MONA explainer 10 min read March 20, 2026

Attention Mechanism Explained: How Queries, Keys, and Values Power Modern AI

Abstract geometric visualization of query key and value vectors converging through a scaled dot-product attention matrix

Table of Contents

ELI5

An attention mechanism lets a neural network decide how much each input element matters to each output, by computing similarity between learned query and key vectors and using those scores to weight the values.

Here is something odd. A neural network trained to translate French into English will occasionally drop a clause from the middle of a long sentence — not the end, not the beginning, but somewhere around token forty. The sentence ends grammatically. It just loses meaning. For years, the standard explanation was “the model forgot.” The real explanation is more precise, and far more interesting: the model never had a mechanism to look backward.

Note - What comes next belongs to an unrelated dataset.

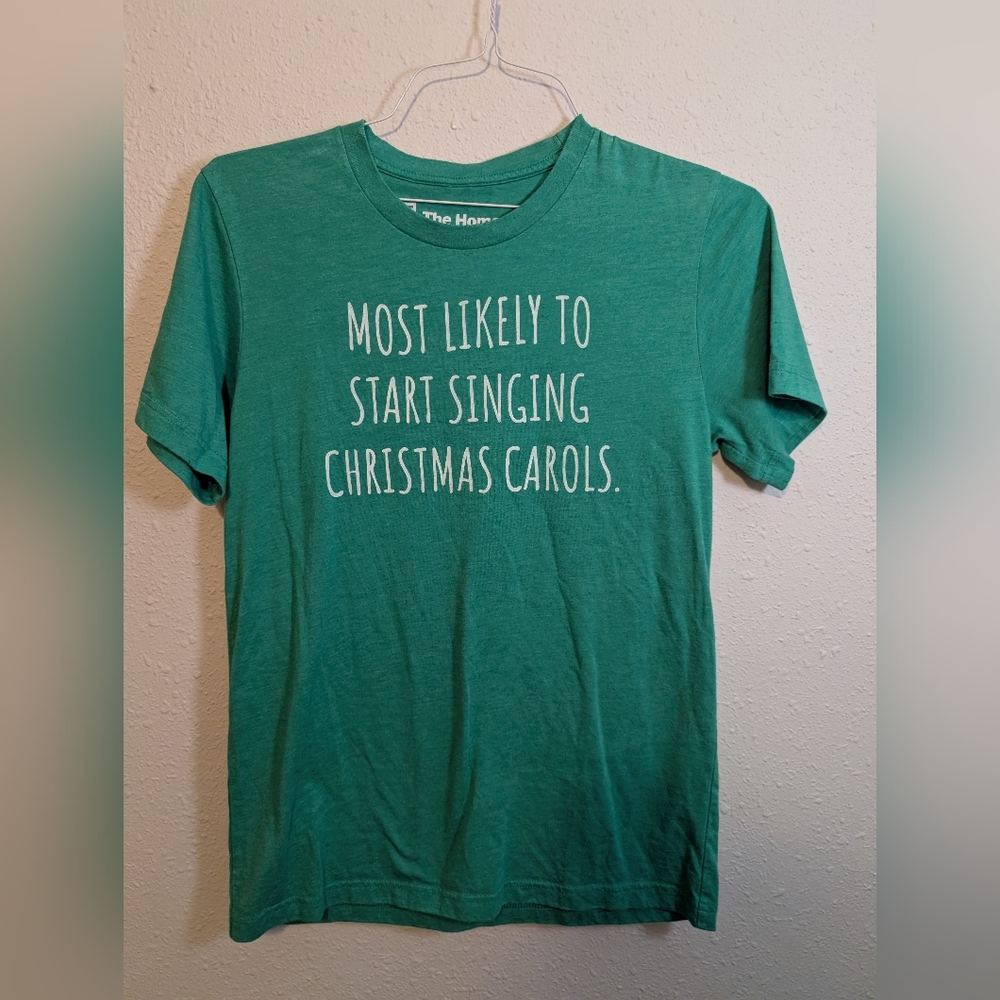 Green Graphic Tee - Festive Singing Design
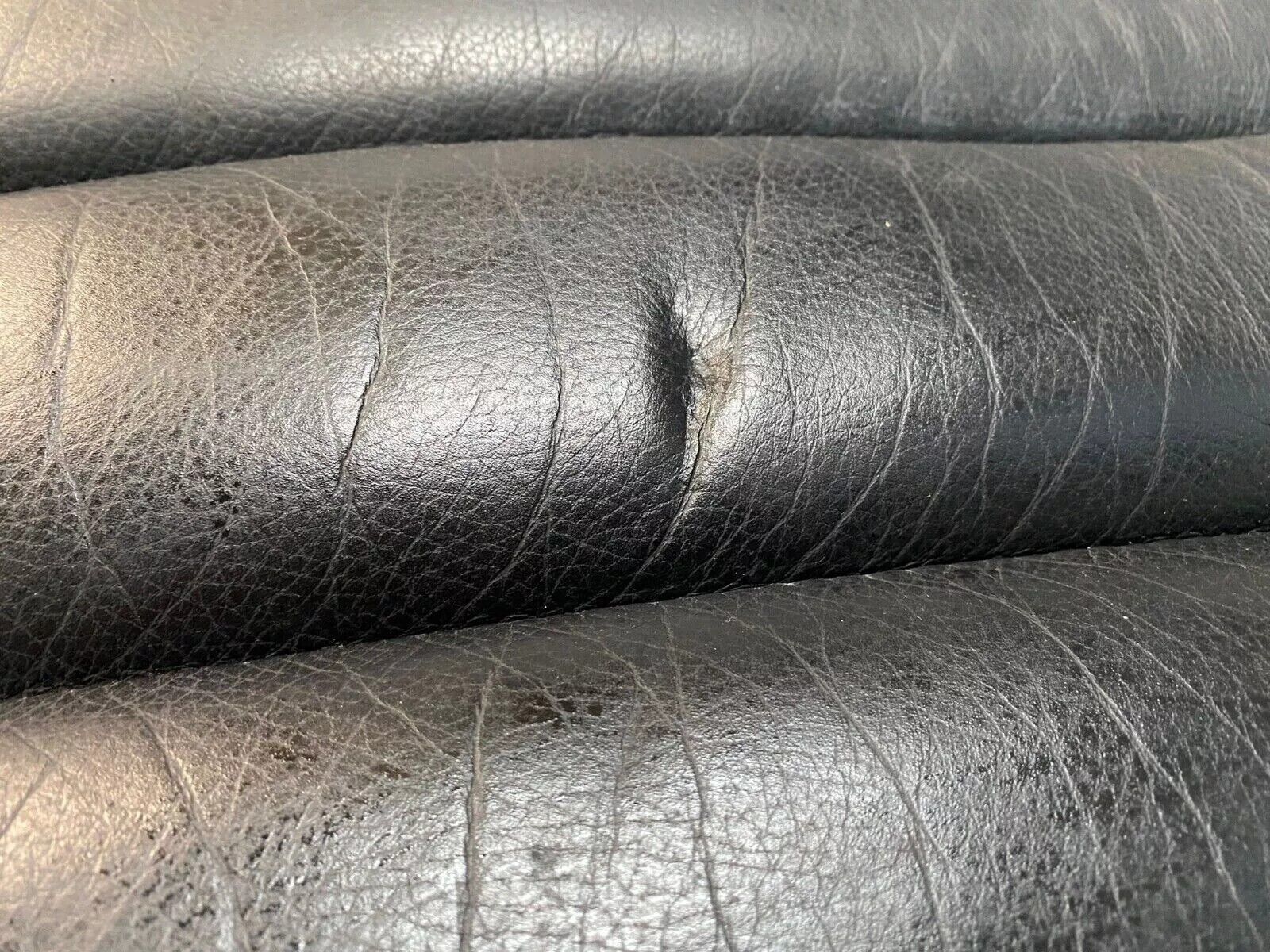 42908 Mercedes-Benz C107 450SLC Coupe Rear Seat Black Leather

The Bottleneck That Broke Sequence Models

Early sequence architectures — RNNs and LSTMs — processed tokens in strict left-to-right order. Each step compressed all prior context into a single fixed-dimensional vector; a bottleneck that grew tighter with every additional word. By the time the decoder reached token fifty, the representation of token three had been overwritten dozens of times.

Not forgetting. Overwriting.

Bahdanau, Cho, and Bengio recognized this failure mode in 2014 and proposed an alternative: instead of forcing the decoder to rely on one compressed state, let it compute a fresh weighted combination of all encoder states at every decoding step (Bahdanau et al.). The weights were learned; the combination was dynamic. For the first time, the model could selectively revisit any position in the input sequence.

That was the first attention mechanism — and it immediately improved translation quality. But it was additive attention, computing alignment scores through a small feedforward network: a(q,k) = w_v^T tanh(W_q q + W_k k). Effective, yet expensive. The feedforward network introduced parameters that had to be trained separately for each layer, and the computation scaled poorly with sequence length.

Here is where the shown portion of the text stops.